Faculty

Faculty Coordinator

Katie Jensen | kcjensen@wisc.edu | website | Twitter

Katie Jensen is an Assistant Professor of Sociology and International Studies at the University of Wisconsin-Madison, and serves as the Faculty Coordinator of WISCER. She is a political ethnographer of race, the state, and forced migration in the Americas, with a focus on Brazil. Her work is published in Ethnic and Racial Studies, Qualitative Sociology, Social Currents, and City & Community, among other academic journals and books. She has also appeared in media outlets like The New York Times. Her book, tentatively titled The Color of Asylum: The Racial Politics of Safe Haven in Brazil, is under advance contract at the University of Chicago Press. Based on a rare ethnographic look inside the state, it examines the process of legal inclusion for refugees and the racial domination that variably manifests.

Affiliated Faculty

Max Besbris | besbris@wisc.edu

Max Besbris is assistant professor of sociology at UW-Madison. His work focuses on how individuals make decisions in economic markets, how these decisions are shaped by interactions with others, and what the consequences of these decisions are for reproducing inequality. He is the author of Upsold: Real Estate Agents, Prices, and Neighborhood Inequality, which was published by the University of Chicago Press in 2020.

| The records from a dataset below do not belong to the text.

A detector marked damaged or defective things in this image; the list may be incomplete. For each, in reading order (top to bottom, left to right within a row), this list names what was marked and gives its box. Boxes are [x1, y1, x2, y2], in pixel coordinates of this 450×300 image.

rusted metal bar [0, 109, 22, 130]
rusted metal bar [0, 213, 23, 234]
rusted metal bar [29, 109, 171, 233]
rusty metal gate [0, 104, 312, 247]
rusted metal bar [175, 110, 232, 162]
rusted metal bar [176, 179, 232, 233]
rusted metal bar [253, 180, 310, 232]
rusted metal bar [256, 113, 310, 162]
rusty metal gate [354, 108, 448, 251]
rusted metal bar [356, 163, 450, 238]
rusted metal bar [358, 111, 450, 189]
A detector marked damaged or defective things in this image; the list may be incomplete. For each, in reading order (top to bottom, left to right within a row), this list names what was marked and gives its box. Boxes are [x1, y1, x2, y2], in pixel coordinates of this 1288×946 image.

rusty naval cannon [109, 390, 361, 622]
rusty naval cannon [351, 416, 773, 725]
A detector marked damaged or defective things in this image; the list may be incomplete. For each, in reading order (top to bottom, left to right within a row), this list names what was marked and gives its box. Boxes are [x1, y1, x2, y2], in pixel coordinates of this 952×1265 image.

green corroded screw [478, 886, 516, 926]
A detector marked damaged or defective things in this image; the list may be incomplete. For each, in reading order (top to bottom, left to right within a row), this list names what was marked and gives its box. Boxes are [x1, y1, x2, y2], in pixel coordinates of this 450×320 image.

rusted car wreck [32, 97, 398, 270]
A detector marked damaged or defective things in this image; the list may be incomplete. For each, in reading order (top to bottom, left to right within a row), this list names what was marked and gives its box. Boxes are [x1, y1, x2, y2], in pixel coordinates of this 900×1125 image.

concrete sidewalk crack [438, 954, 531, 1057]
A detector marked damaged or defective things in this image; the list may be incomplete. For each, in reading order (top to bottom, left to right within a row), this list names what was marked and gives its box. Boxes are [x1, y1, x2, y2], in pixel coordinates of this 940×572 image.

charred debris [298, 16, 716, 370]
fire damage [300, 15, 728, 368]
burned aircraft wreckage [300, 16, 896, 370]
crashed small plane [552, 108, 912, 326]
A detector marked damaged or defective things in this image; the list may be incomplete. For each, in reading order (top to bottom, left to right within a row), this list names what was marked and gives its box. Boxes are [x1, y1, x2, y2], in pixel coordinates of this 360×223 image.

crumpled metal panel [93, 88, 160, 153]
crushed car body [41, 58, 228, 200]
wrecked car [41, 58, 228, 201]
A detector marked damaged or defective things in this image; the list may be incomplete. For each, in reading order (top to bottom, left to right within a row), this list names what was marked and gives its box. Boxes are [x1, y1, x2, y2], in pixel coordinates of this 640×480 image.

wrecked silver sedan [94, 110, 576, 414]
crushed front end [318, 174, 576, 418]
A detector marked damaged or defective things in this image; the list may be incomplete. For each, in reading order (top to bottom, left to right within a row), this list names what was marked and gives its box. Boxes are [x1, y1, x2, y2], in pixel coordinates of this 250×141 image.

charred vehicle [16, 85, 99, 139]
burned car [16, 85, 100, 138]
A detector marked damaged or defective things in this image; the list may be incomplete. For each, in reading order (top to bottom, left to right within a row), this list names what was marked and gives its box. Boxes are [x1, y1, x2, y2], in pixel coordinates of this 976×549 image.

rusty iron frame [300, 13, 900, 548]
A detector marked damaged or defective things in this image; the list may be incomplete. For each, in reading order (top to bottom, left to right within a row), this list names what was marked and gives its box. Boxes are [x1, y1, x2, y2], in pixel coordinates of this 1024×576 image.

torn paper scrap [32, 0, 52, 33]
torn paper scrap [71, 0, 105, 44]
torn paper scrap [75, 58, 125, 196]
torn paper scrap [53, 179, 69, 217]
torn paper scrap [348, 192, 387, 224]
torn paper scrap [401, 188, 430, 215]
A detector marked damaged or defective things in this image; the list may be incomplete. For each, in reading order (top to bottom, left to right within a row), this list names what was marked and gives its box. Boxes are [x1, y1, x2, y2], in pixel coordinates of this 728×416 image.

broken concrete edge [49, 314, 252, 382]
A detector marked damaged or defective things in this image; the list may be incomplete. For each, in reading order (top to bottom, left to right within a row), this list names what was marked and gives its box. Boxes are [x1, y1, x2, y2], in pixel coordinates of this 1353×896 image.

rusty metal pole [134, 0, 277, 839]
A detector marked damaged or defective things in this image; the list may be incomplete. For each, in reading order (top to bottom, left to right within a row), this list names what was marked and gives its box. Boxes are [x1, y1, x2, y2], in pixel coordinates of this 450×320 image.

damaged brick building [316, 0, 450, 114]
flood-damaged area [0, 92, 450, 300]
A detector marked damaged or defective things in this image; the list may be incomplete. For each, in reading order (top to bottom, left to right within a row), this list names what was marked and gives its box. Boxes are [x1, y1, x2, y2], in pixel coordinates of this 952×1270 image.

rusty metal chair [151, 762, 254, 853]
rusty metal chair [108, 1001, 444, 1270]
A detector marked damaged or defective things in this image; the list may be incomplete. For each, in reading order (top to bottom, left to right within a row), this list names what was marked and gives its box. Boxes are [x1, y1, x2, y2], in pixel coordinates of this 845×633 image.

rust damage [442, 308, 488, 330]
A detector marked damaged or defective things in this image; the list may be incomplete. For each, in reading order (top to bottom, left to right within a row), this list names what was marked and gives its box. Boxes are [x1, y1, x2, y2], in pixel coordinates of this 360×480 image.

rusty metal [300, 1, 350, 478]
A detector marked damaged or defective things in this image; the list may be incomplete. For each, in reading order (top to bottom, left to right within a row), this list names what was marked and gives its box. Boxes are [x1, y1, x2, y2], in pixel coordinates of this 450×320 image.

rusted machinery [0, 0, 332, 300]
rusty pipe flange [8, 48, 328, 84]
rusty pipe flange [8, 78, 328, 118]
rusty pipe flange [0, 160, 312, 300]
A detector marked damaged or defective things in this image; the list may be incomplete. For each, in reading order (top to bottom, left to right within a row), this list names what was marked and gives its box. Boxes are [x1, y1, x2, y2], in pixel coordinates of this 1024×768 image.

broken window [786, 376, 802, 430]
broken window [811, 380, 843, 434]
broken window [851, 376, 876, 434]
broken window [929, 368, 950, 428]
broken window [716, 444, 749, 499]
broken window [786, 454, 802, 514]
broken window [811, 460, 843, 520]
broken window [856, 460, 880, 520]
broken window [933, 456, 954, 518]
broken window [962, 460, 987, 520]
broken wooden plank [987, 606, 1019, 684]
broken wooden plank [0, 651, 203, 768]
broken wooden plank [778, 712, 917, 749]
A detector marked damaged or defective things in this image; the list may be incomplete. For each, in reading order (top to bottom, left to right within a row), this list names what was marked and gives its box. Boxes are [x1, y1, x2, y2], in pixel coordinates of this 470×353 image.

Léonie Hénaut | leonie.henaut@sciences-po.fr

Leonie Henaut is an Associate Professor at the French National Center for Scientific Research (CNRS), and has been a faculty member of the Center for the Sociology of Organizations at SciencesPo Paris since 2011. She is currently an Honorary Fellow at the Department of Sociology at UW. Her research is in the sociology of work, occupations and organizations. In her early work, she revisited some of the classical concepts of the sociology of professions (professionalization, professional dominance, segmentation) using a processual approach to study the changing ecology of museum occupations in France and the U.S. She then devoted several studies to the field of elderly care in France and the U.K., with a particular interest in the transformation of the division of labor and the emergence of new roles and occupations triggered by organizational change toward integrated services and multidisciplinary teamwork. Her current projects focus on the consequences of growing work complexity and flexibility on workers’ occupational identities and on the occupational structure more broadly.

Kelly Marie Ward | kmward4@wisc.edu | website

I work in the areas of the sociology of medicine, organizational sociology, and the sociology of race, class, and gender. My current research draws on an ethnographic account of a standalone abortion clinic to explore the ways in which reproductive workers’ experience of abortion provision is shaped by competing institutional logics, as well as by cultural beliefs about bodies and intimacy in medical settings.